#### [HOW TO COMPLETE THIS TASK]
The lines below, from the first through the one containing "El mejor disfraz", are to be given again exactly, with pictures left out and nothing added.

#### [EXTRACTED INFORMATION]

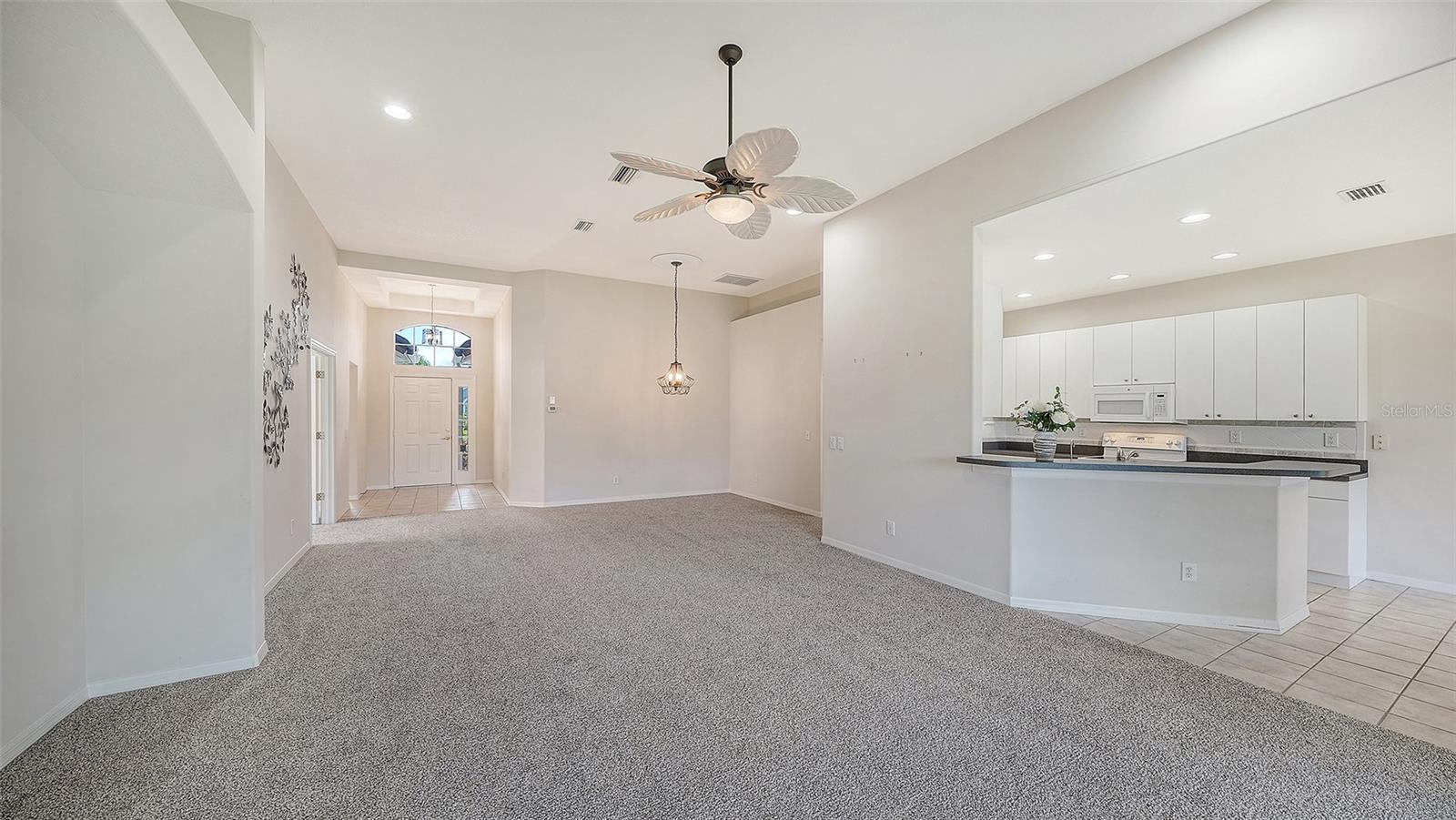 PELICAN POINTE GOLF & CC - Residential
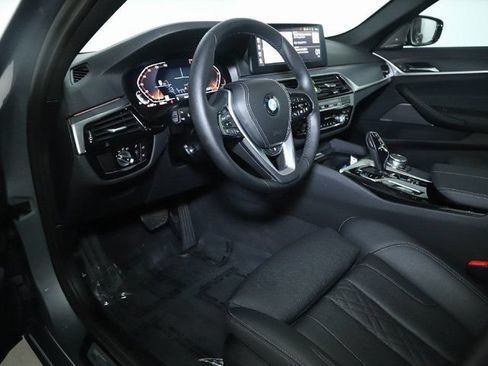 Used 2023 BMW 530i xDrive w/ Premium Package AWD/4WD image 18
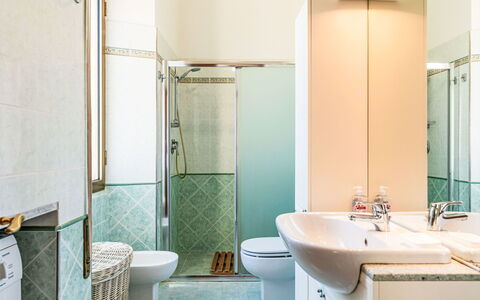 Casa del Mare: Bathroom, Flooring, Plumbing Fixture, Interior Design, Floor, Sink, Tap, Bathroom Sink, Plumbing, Tile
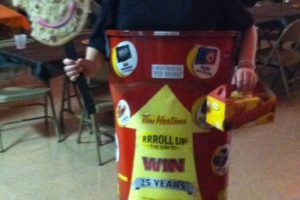 El mejor disfraz de Tim Horton Roll Up the Rim Coffee Cup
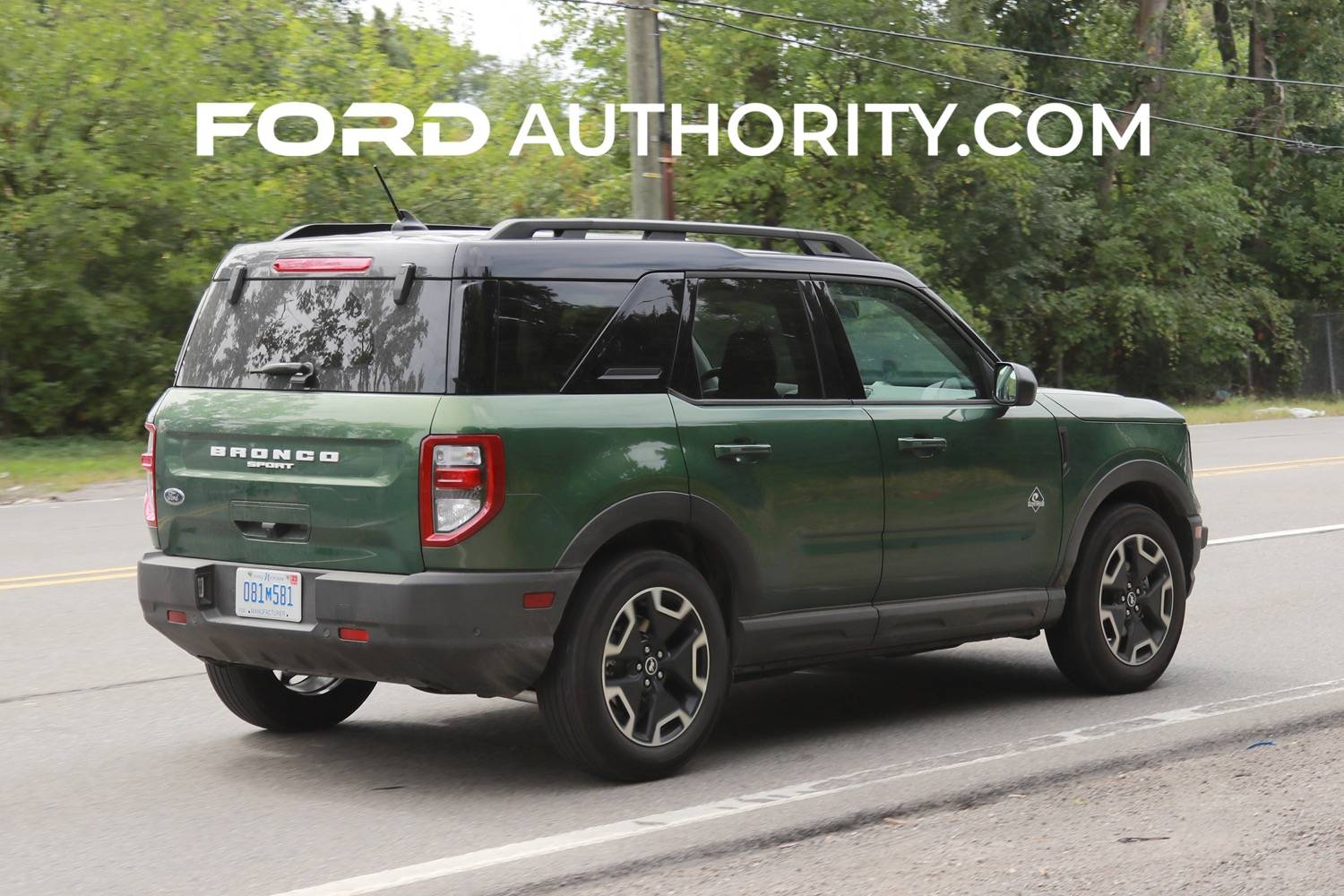 Ford Bronco Sport Eruption Green 2023 Bronco Sport first look 2023-ford-bronco-sport-outer-banks-eruption-green-metallic-first-real-world-photos-september-2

#### [EXPECTED ANSWER]
 PELICAN POINTE GOLF & CC - Residential
 Used 2023 BMW 530i xDrive w/ Premium Package AWD/4WD image 18
 Casa del Mare: Bathroom, Flooring, Plumbing Fixture, Interior Design, Floor, Sink, Tap, Bathroom Sink, Plumbing, Tile
 El mejor disfraz de Tim Horton Roll Up the Rim Coffee Cup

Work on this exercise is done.